What is needed — The line with "Preview of Vintage" marks the start; please set it down along with all later lines through the end of the material, exactly, leaving out pictures.

Records for this task —

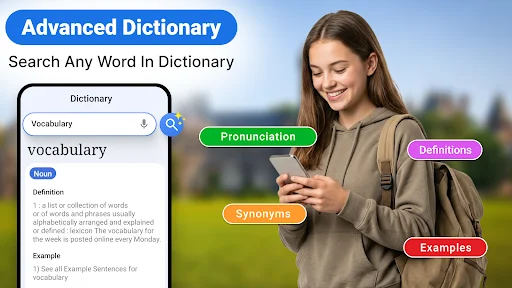 Advanced dictionary feature showing word definitions, pronunciation guides, synonyms, and example sentences for vocabulary learning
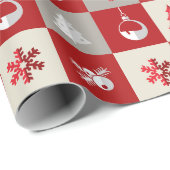 Elegante rode en witte vrolijk kerstfeest cadeaupapier (Rol Hoek)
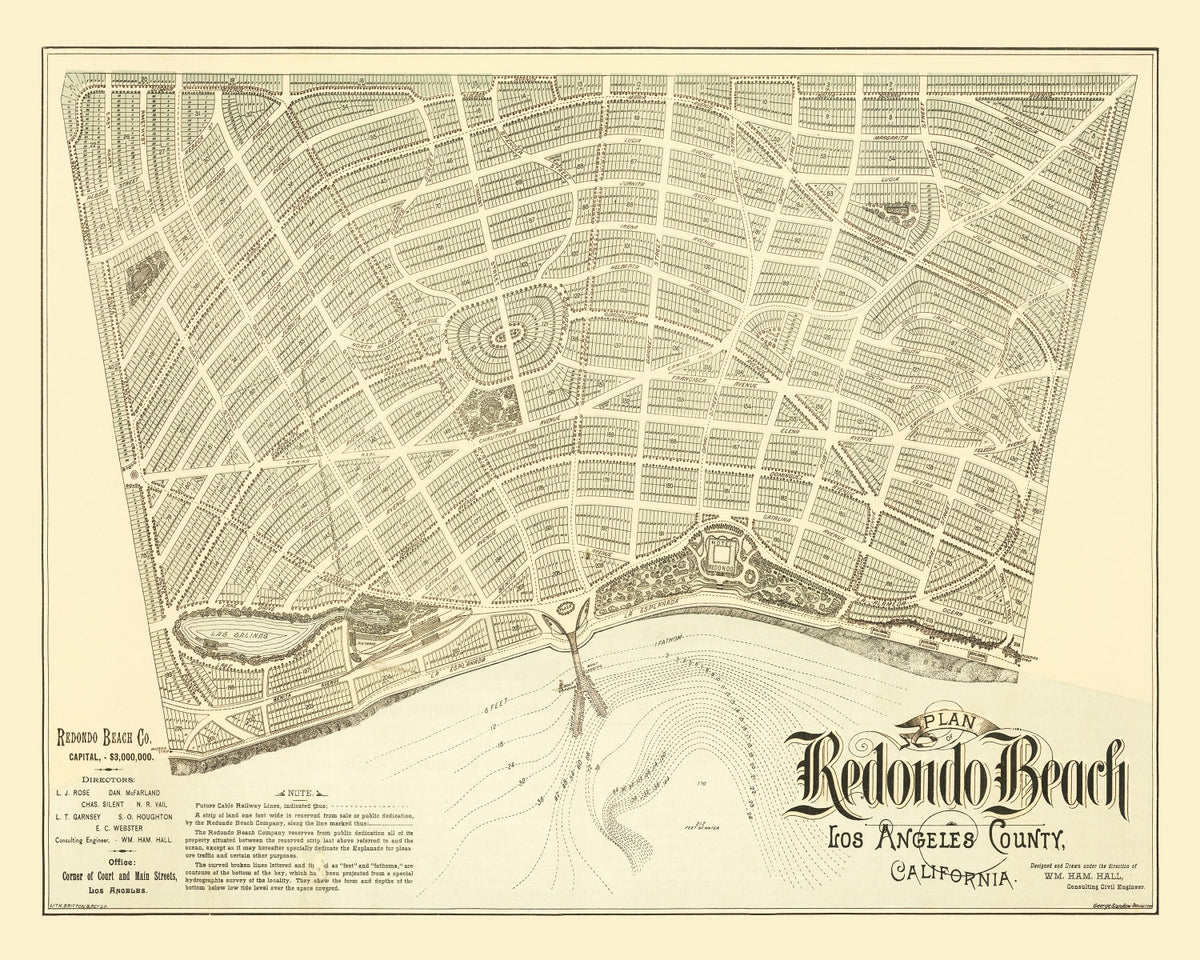 Preview of Vintage Map of Redondo Beach, California 1888
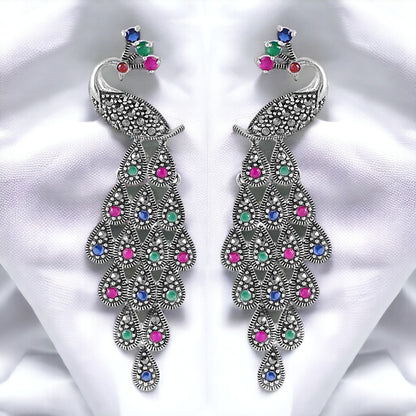 Multi Colour Silver Peacock Earring For Women & Girls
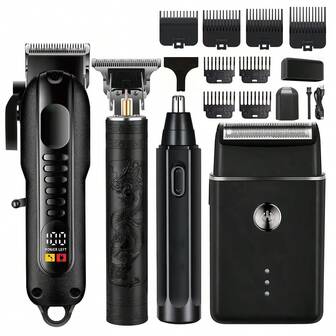 4-In-1 Men's Grooming Kit, Includes Beard Trimmer - Professional USB Rechargeable Grooming Set With Nose Hair Trimmer, Ideal Gift
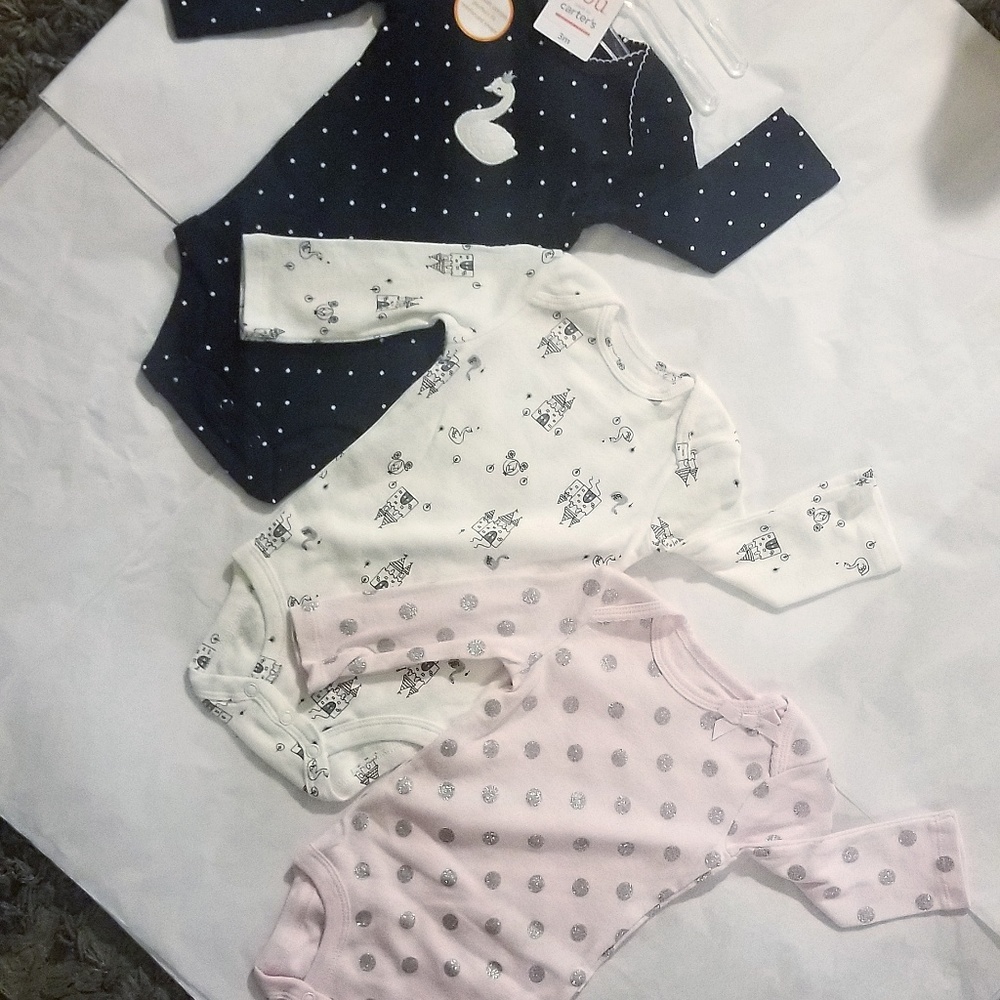 New 3 Piece Long Sleeve Onesies 3 Months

Solved exercise —
 Preview of Vintage Map of Redondo Beach, California 1888
 Multi Colour Silver Peacock Earring For Women & Girls
 4-In-1 Men's Grooming Kit, Includes Beard Trimmer - Professional USB Rechargeable Grooming Set With Nose Hair Trimmer, Ideal Gift
 New 3 Piece Long Sleeve Onesies 3 Months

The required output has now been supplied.